Ted Frank, who directs the Center for Class Action Fairness and was long a co-blogger here at Overlawyered, is the subject of this Bloomberg/BNA profile from Steven Sellers of Class Action Litigation Report. A master key to Ted’s analysis of class action settlement incentives? “The Posner and Easterbrook decisions on class actions… pervade everything I do,” he says, referring to economically informed Seventh Circuit judges Richard Posner and Frank Easterbrook, both also associated with the University of Chicago law school, where Ted studied. Chicken offsets get a mention, too.
“Auer deference,” announced by the U.S. Supreme Court in Auer v. Robbins (1997), requires courts to accord deference to a federal agency’s interpretation of its own statute.

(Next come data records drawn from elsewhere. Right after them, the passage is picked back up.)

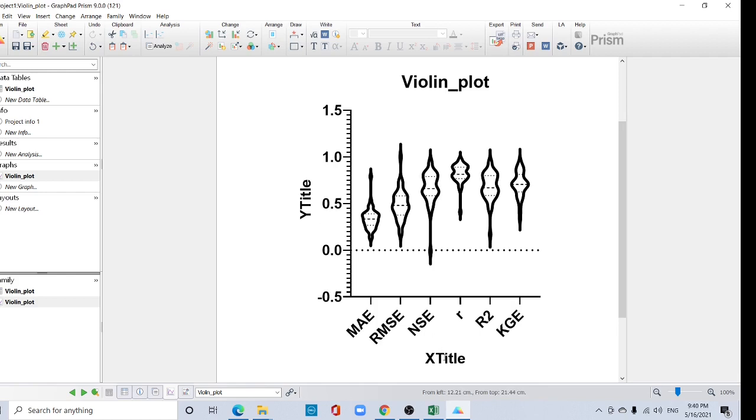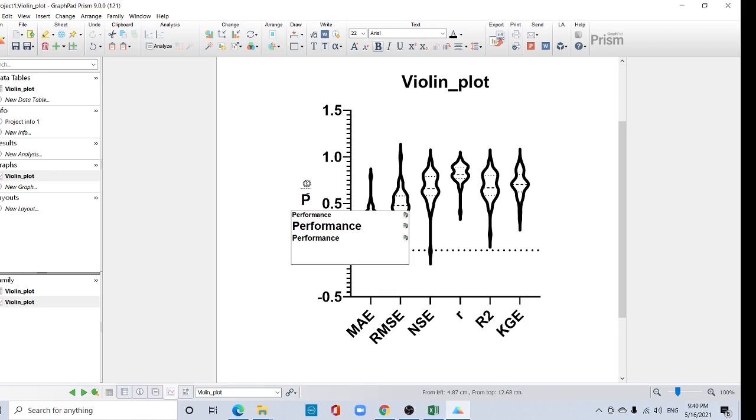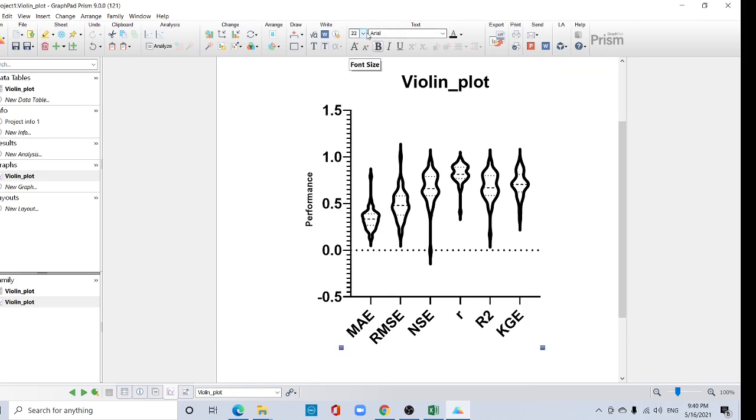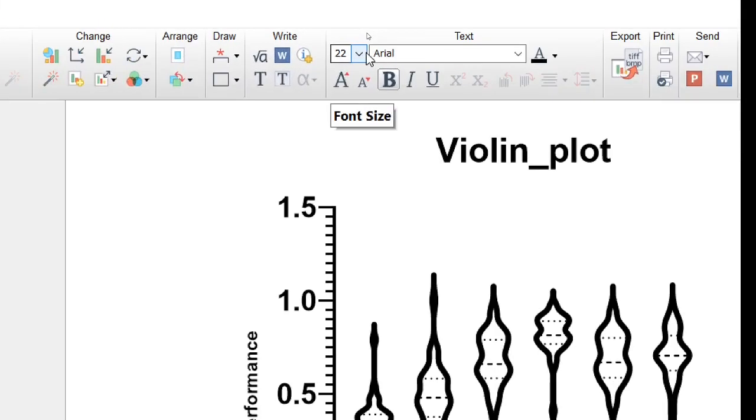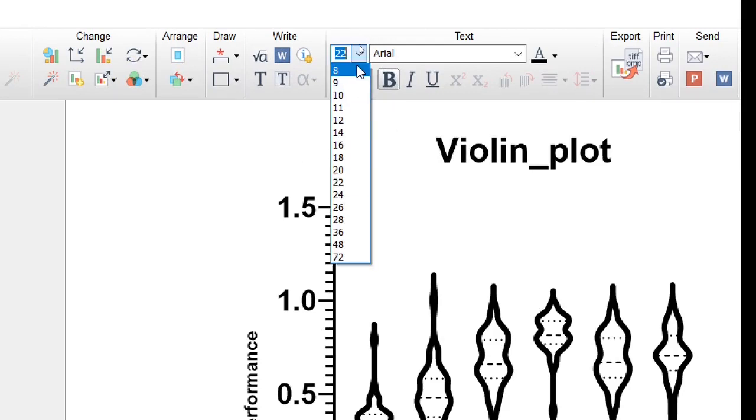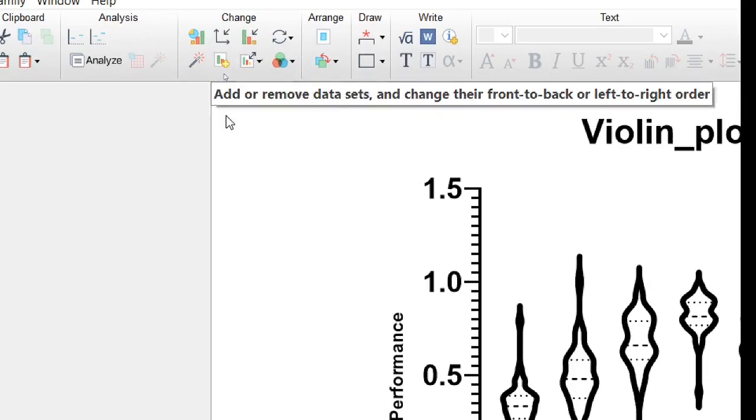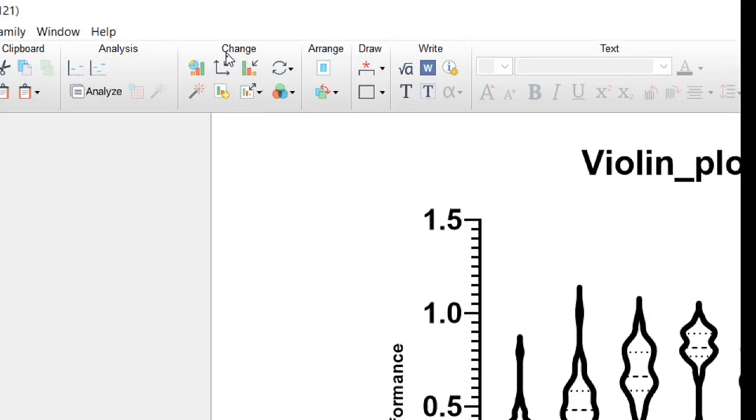Now you have to change this title. If you do not require this axis title, just click it and delete from your keyboard. If you need this title, just click it and type here like performance. Okay, if you want to change the size, just click it here and see here the font size 22. It is better to keep it 14. You can change everything from this step. You should focus only this step for graph section.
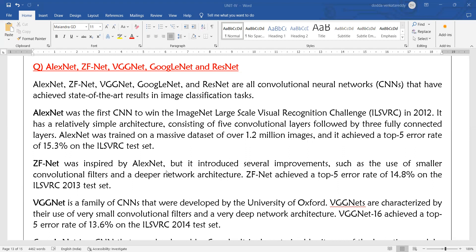The next architecture is ZFNet, which was inspired by and designed based on AlexNet, but it introduces several improvements — such as the use of smaller convolutional filters and deeper network architecture. With reduced filter size and greater depth, the classification accuracy increases. ZFNet achieved a top-5 error rate of 14.8% in the 2013 contest.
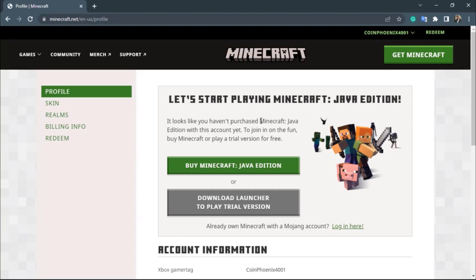This means you have successfully created your Mojang account. In this way, you can really easily create and sign up for a Mojang account on your browser. We hope this video was helpful — if it did, do make sure to leave a like, comment, and subscribe. Leave any questions in the comment section below. Thank you for watching and see you in our next video.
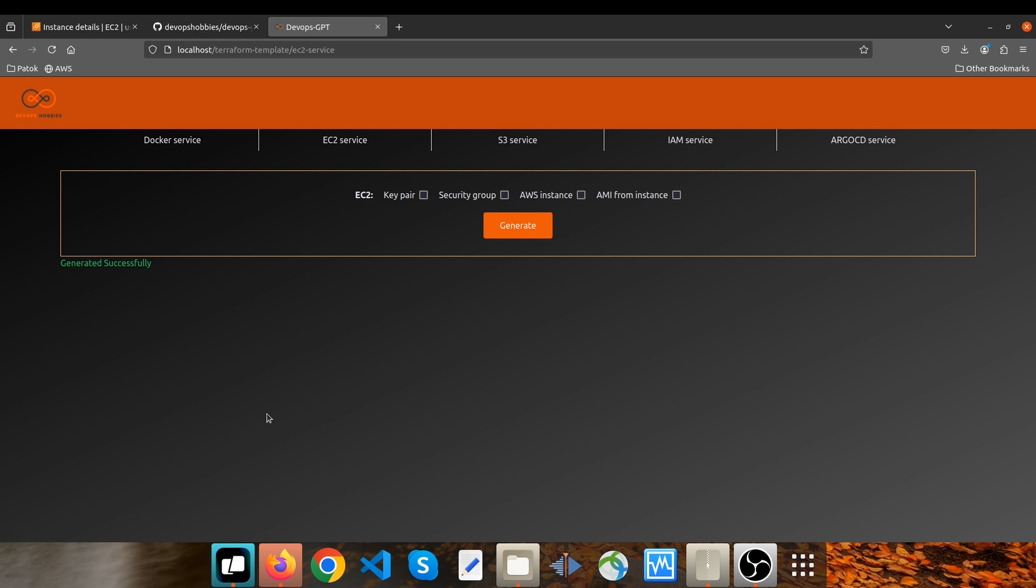And if you're interested in contributing to this open source project, feel free to reach out to me through email or my LinkedIn page, which is linked in the video description. Thank you very much and I hope you like it. See you soon.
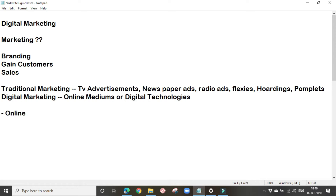In earlier days, people used to read newspapers or watch television during their leisure time — they used to spend most of their time offline. Nowadays, people are spending most of their time browsing the internet, watching videos on YouTube, or spending time on social media platforms like Instagram and Facebook. So somehow they are spending most of their time online. Wherever people are, we have to reach them — and digital marketing is one of the best ways to reach them online.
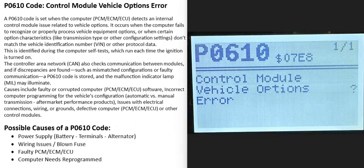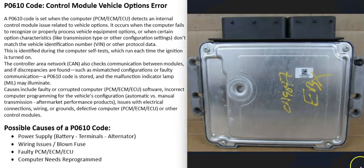Today I'm talking about a P0610 code — what it is and how you can go about fixing it. A P0610 code is a control module vehicle options error.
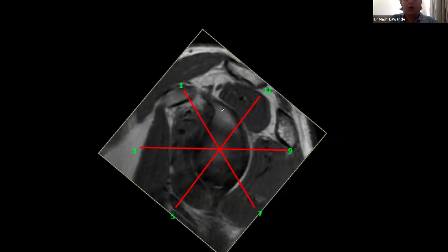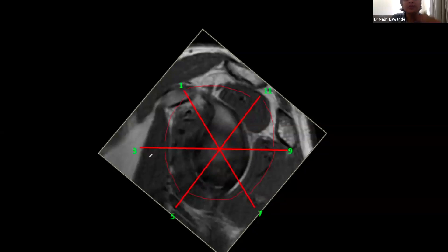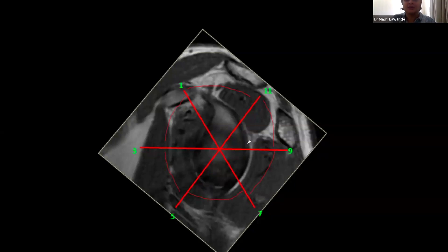The best approach is to combine quadrants and the clock together: superior, posterior superior, posterior inferior, inferior, anterior inferior, and anterior superior labrum. For example, you might describe a tear involving the entire anterior labrum extending across 12 o'clock into the posterior labrum up to the posterior equator, giving the surgeon the full extent of the tear.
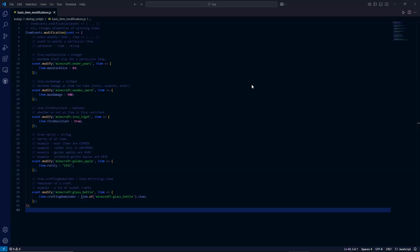Hello everyone. In this 1.20.1 Forge modpack development video, we're going to be going over basic item modification using the KubeJS mod.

The U.S. Department of Education, contradicting some earlier statements, has lately taken the view that “collection costs may not be assessed against [student loan] borrowers who sign rehabilitation agreements,” thus turning unlawful in retrospect thousands of instances in which lenders have done that. The Seventh Circuit has now denied en banc rehearing in the case of Bryana Bible v. United Student Aid Funds, which — invoking Auer deference — let a suit go forward on that theory. Judge Frank Easterbrook, concurring in that denial of rehearing en banc (h/t Ted Frank), noted that Supreme Court justices including Auer’s original author have lately expressed doubts about the doctrine’s ongoing viability. Easterbrook:
…deference has set the stage for a conclusion that conduct, in compliance with agency advice when undertaken (and consistent with the district judge’s view of the regulations’ text), is now a federal felony and the basis of severe penalties in light of the Department’s revised interpretation announced while the case was on appeal.
- “American Express Settlement Collapses Amid Charges Of Collusion” [Daniel Fisher]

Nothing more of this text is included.